The town now has approximately $30 million to spend as the condemnation process advances. A valuation hearing to determine the fair market value of the land is set for February.
In other election results, San Miguel County voters elected new faces to serve as county clerk and county treasurer. Jan Stout prevailed over David Falk in the treasurer's race and Peggy Nerlin was elected the new San Miguel County Clerk. Stout and Nerlin will succeed longtime occupants of those two offices, Sherry Rose and Doris Ruffe, respectively.
Mountain Village voters approved the dissolution of the Mountain Village Metro District and the incorporation of its business into the government of the Town of Mountain Village. Voters in the Telluride School District handily approved a mil levy increase to pay for increased teachers' pay.
And in uncontested races, voters elected Joan May as a new San Miguel County Commissioner and Bob Saunders to the Telluride Town Council.
Stout reported learning on KOTO radio at 6:30 a.m. Wednesday that she will become the next San Miguel County Treasurer in January. The Norwood resident, running as an independent, thanked her Republican opponent, Falk, "for being such a worthy opponent and for running a good, clean campaign."
Campaigning "was a really interesting experience, and I'm glad it's over," Stout said, adding that she looks forward to joining "the terrific team" in the treasurer's office.
Democrat Nerlin, the next San Miguel County Clerk, said she was "almost speechless" in the aftermath of the election.
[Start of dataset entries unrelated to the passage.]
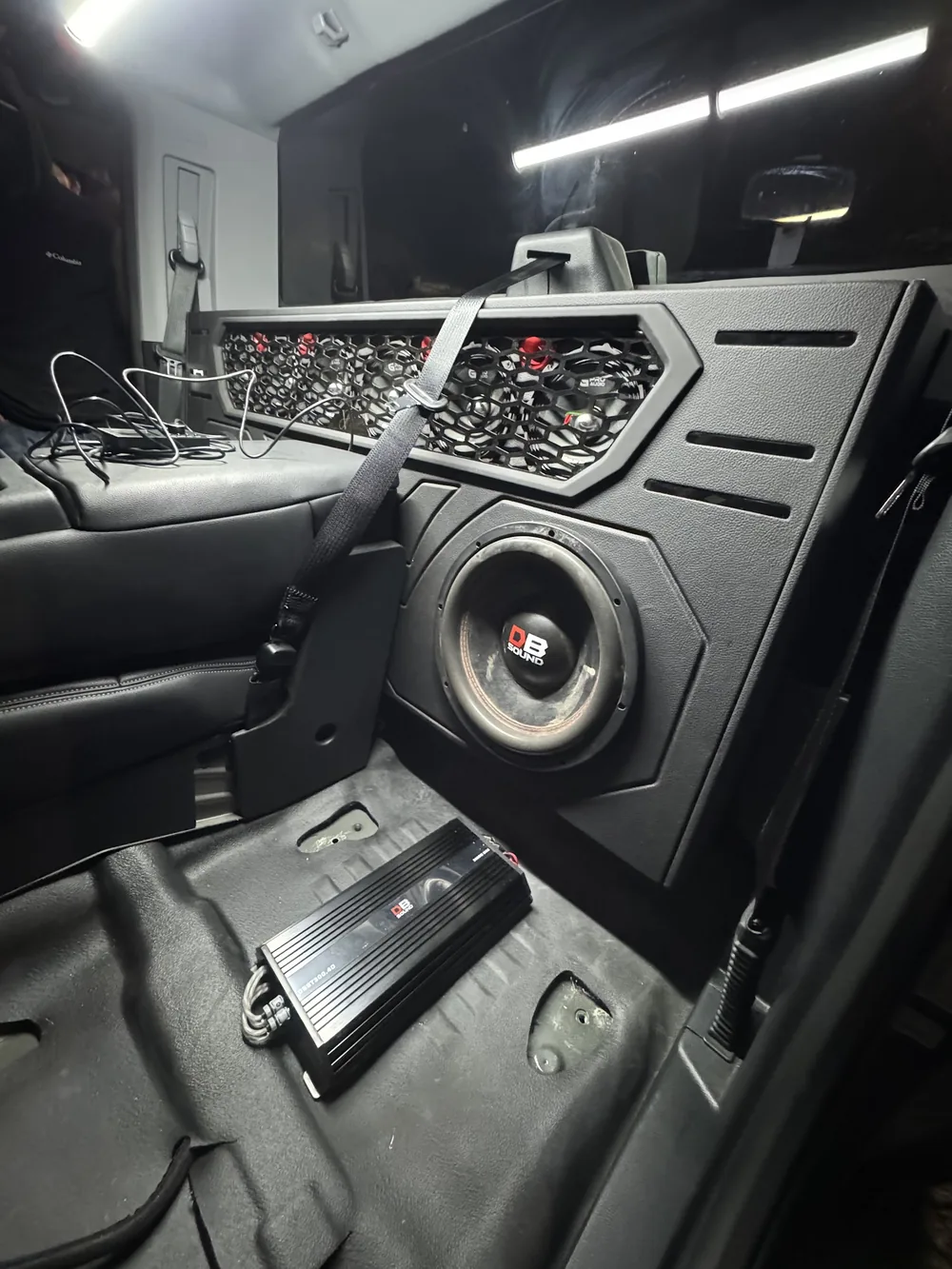 Window tint & car alarm install — Twinz Audio Lab serving Atlanta, Stockbridge, Riverdale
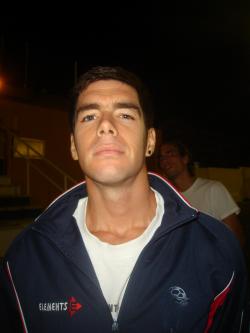 Paco (C.D. Numancia) - 2010/2011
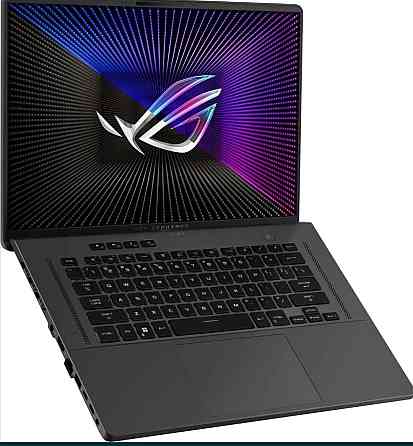 Ноутбук ASUS ROG Zephyrus G16 RTX 4070 Київ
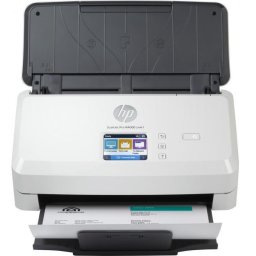 Scaner SCANJET PRO N4000SNW1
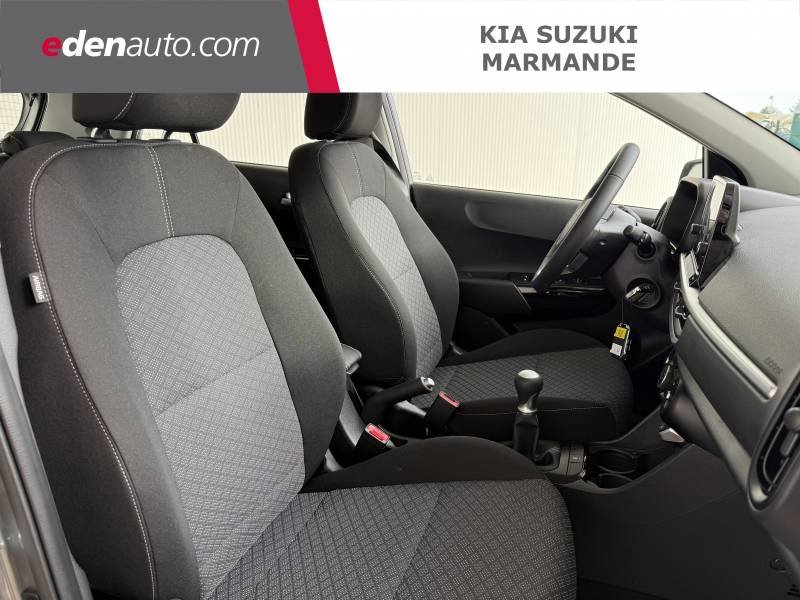 Kia Picanto - Photo 4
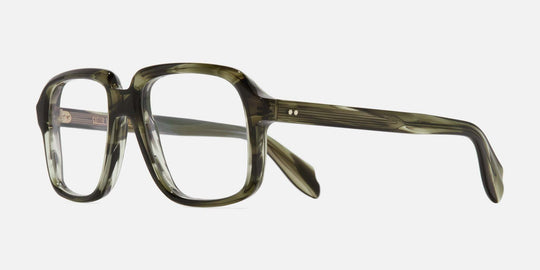 Cutler And Gross 1397 Square Opticals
She complimented her "top notch" opponents, saying, "I really want to congratulate Helen and Karen on the races they ran."
Her campaign was a great way to meet her constituents, Nerlin said, through public appearances and knocking on people's doors.
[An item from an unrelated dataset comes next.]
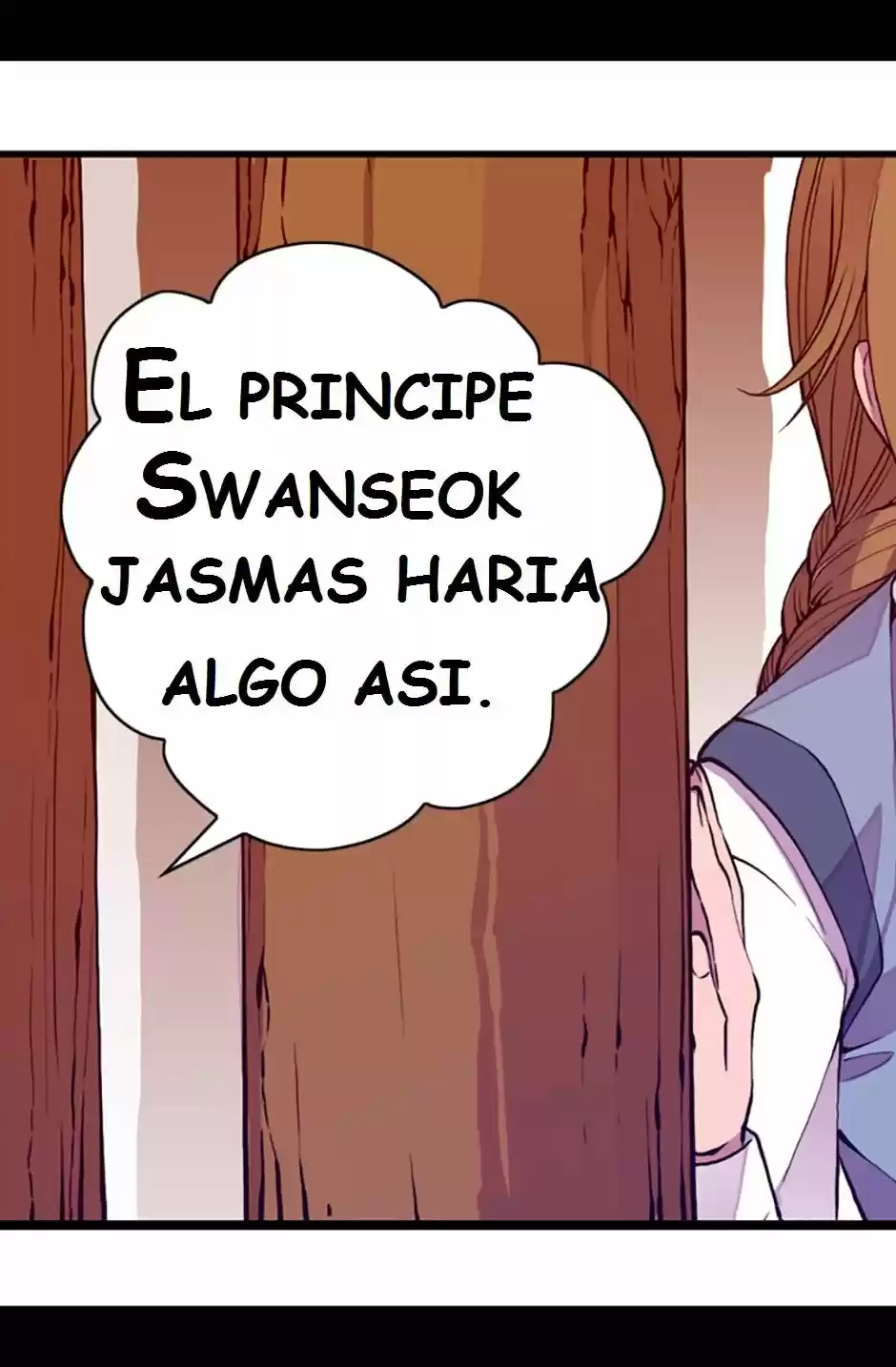 Página 72 del Manga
To get ready for her new job, Nerlin said she is hoping to start learning as soon as she can, and whenever the office is ready to work with her.
"I'm so honored, and I'm going to be filling some big shoes," she said.
Stout, Nerlin and May will take office in January. The new member of the Telluride Town Council, Bob Saunders, will take his seat at the next meeting of council on Nov. 14.
"It's nice to know that I can start coming to meetings and actively vote," said Saunders, who added that he is looking forward to helping the Town Council deal with many issues, including the Valley Floor condemnation, the environment, and affordable housing.
Though questions surrounding the Valley Floor might be termed the biggest issue in the region, Tuesday's vote to reauthorize a debt previously approved for open space acquisition, plus another $10.1 million, for a total of $20 million in debt, was somewhat anticlimactic coming after three previous votes on the general question of measuring voter support for the condemnation.
Nonetheless, Jane Hickcox, a member of the Valley Floor Preservation Partners and the Valley Floor Advisory Board, said she is "very pleased on behalf of the community. A particular pleasure is receiving the news about the good turnout."
Hickcox added that the 28 point margin was about what she had hoped for.
"It bolsters my feelings that the community will continue to step up for their value system," she said.
Hickcox added that it was important to have dialogue leading up to the election so that people had the chance to fully understand the issue before casting their votes.
On the other hand, Judi Kiernan of Telluride Consulting, who wrote a commentary questioning the wisdom of approving the bonding, said she thought the dialogue was "kind of pointless because, when something is that emotional, it's not a rational decision."
Telluride lawyer Doug Tueller, who also spoke out against the bond issue, said a lot of the facts about the Valley Floor issue that were unclear in the past came more into focus in this election.
"I think it's easy to get confused, but I just had the impression that the true concerns of the community and more issues came to the fore, and that's good," Tueller said.
Hickcox said that between town funds and private pledges, the town now has over $36 million available to acquire the Valley Floor, up from $24 million at this time last year.